Receiving Wide Coverage ...

The rout persists
Bitcoin dropped another 6% on Monday, ending the day around $3,800, down more than 80% since peaking near $20,000 late last year. "Now, another worry has emerged: Cryptocurrency miners, the outfits that solve complex equations to generate new digital coins, seem to be losing interest. The amount of computing effort expended by miners, known as the hash rate, has started falling." Wall Street Journal, Financial Times

A bitcoin logo sits on a power unit supplying cryptocurrency mining machines at the SberBit mining 'hotel' in Moscow.
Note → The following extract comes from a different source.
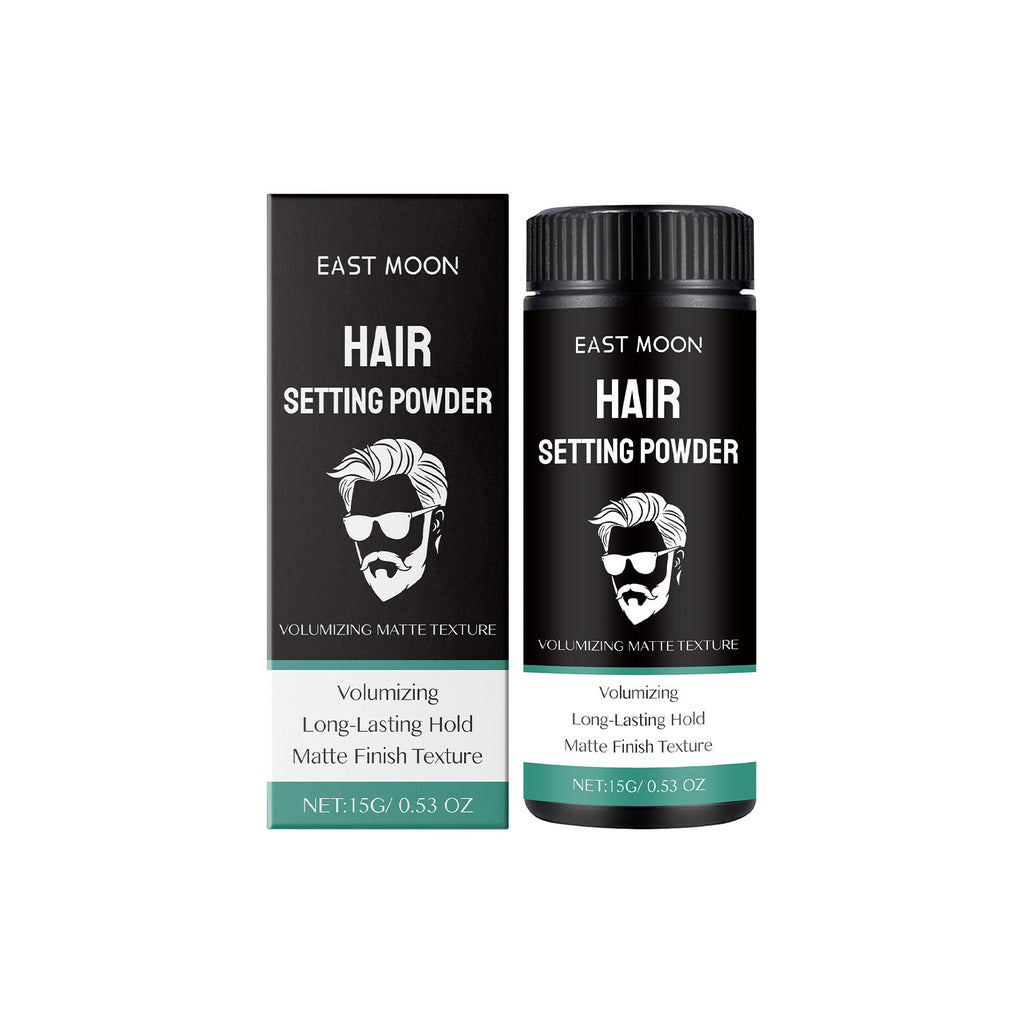 Men's Matte Styling Powder Hair Styling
"If nothing else, bitcoin was supposed to protect people from governments that were destroying their own currencies — governments such as Venezuela's, where inflation is said to be somewhere around 49,000% right now." Yet the drop in the price of bitcoin rivals that of the Venezuelan bolivar, which is down nearly 100% over the same period.

Wall Street Journal

Boom and bust
The "U.S. housing boom is coming to an end," the paper proclaims. With mortgage rates climbing following years of rising home prices, "buyers are queasy."

Passing grade
Standard Chartered's New York branch will no longer have to report to a compliance monitor from the New York Department of Financial Services after Dec. 31. The branch has made "significant progress in the remediation and enhancement" of its anti-money-laundering compliance program, and the bank "has demonstrated its commitment to complying with state and federal anti-money-laundering laws," the DFS said. However, the branch will be required to keep an independent consultant after Jan. 1 to work on existing compliance issues.

Repo madness
Online auto lenders in China have come up with a new way to help them repossess autos: they “install tracking devices in cars by hiding them inside bumpers, under seats or behind mirrors to prevent them from being removed by borrowers. When people fail to repay their debts, collectors act quickly to repossess cars, sometimes in the middle of the night.”

Financial Times

New FSB head
As expected, Randal Quarles, the Federal Reserve's vice chair for financial supervision, has been named the next chair of the Financial Stability Board, starting next month, succeeding Bank of England Gov. Mark Carney. Klaas Knot, the head of the Dutch central bank, will succeed Quarles when his term ends in three years. "The FSB makes recommendations to the G20 nations on financial rules and regulations and has played a significant role in overseeing the rulemaking in the decade since the financial crisis." (American Banker's take here.)

Talk or action?
Nearly 30 large global banks — "including Société Générale and others that have been caught up in scandal in recent years, from Barclays and BNP to ING" — will publicly endorse the U.N.'s new Principles for Responsible Banking this week. "The next question is whether this initiative does anything to underpin a broader definition of responsible banking. There is no explicit mention in the accord that banks should not launder money or manipulate markets. The test will be how quickly those banking scandals disappear from the headlines."

Shape up
Investment banks and asset managers in Europe and Asia need to do more to cut costs and improve their profits, according to Accenture. "The majority of European and Asian investment banks are net destroyers of shareholder value," said Michael Spellacy, the consulting firm's global capital markets lead. "You can't run a business like this any longer."

Tougher scrutiny
Democrats “plan to subject the financial services industry to far greater scrutiny than it has faced in the past two years” as they prepare to take over the House of Representatives early next year. “Over the past two years, Republicans have done what Republicans always do: deregulate. It is up to us to do what we can to monitor the banking industry and its regulators much more carefully,” one party official said.

Pay up
The likely next prime minister of Malaysia wants Goldman Sachs to return more than the $600 million in fees it earned in the alleged 1MBD fraud, calling the bank’s behavior “disgusting.”

Elsewhere

Just in time for Christmas
A Bank of America ATM in Houston was "spitting out $100 bills instead of $20s to people who withdrew cash" for about two hours late Sunday and early Monday, creating mayhem as word spread on social media. "A line of cars quickly formed, and several arguments and fights among the crowd that gathered at the ATM machine were reported" before police arrived and the bank shut down the machine.

Quotable

"Last year I could only dream of owning one bitcoin, now it's possible . . .  I wanna see this thing go so low I can afford to buy 20." — A digital currency investor commenting on the drop in prices.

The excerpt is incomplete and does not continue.